Cathy, Migraine Sufferer: I get probably anywhere from 12 to 15 headaches a month, a lot of headaches.
ANNOUNCER: For Cathy, migraines are a painful fact of life. They are also as predictable as her monthly periods.
Cathy, Migraine Sufferer: It's before my period, during my period and a little bit after my period. And in the middle part of my cycle I'm perfectly fine. I'm headache-free. So I know what it's like to live a real life.
ANNOUNCER: More than half of women who suffer from migraines say their attacks are related to their menstrual cycle. Experts believe this is why women are more likely to have migraines than men.
Alexander Mauskop, MD, Headache Specialist: Until age of 13, 14, boys and girls experience migraines at about the same rate. About 6% of boys and girls suffer from migraines. After puberty, girls outnumber boys by a ratio of 3 to 1. We think estrogen contributes to the process of migraine.

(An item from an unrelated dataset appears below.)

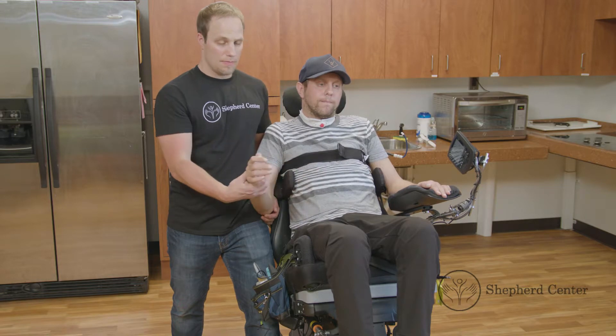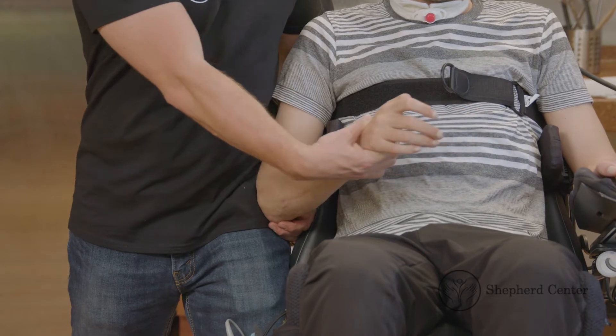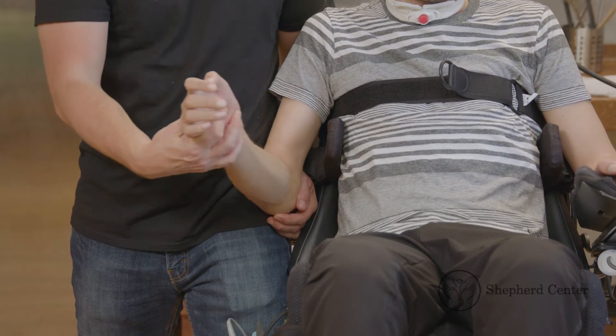With the elbow fixed at the side at a 90 degree angle, bring the hand towards the body. Provide assistance at the wrist and elbow, then return to the start position.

Clearly, there are women who have migraines only with their menstrual cycle and, during pregnancy, most women stop having migraines as they do after menopause.
ANNOUNCER: Keeping a journal helped Cathy and her doctor identify her headaches as menstrual migraines. These tend to be longer lasting and more severe than other types. Cathy needed a prescription medication to relieve her crushing pain.
Cathy, Migraine Sufferer: I know the days that I'm going to be really bad, so I really try to plan my life accordingly. I get up earlier so that I can take the medication. Because it takes about an hour for the medication to kick in.
ANNOUNCER: Having control over her migraines has made a world of difference.
Cathy, Migraine Sufferer: That's the best part, that you feel like there's a way to treat this and you can go on with your life.
ANNOUNCER: Thanks for joining us on today's Once Daily.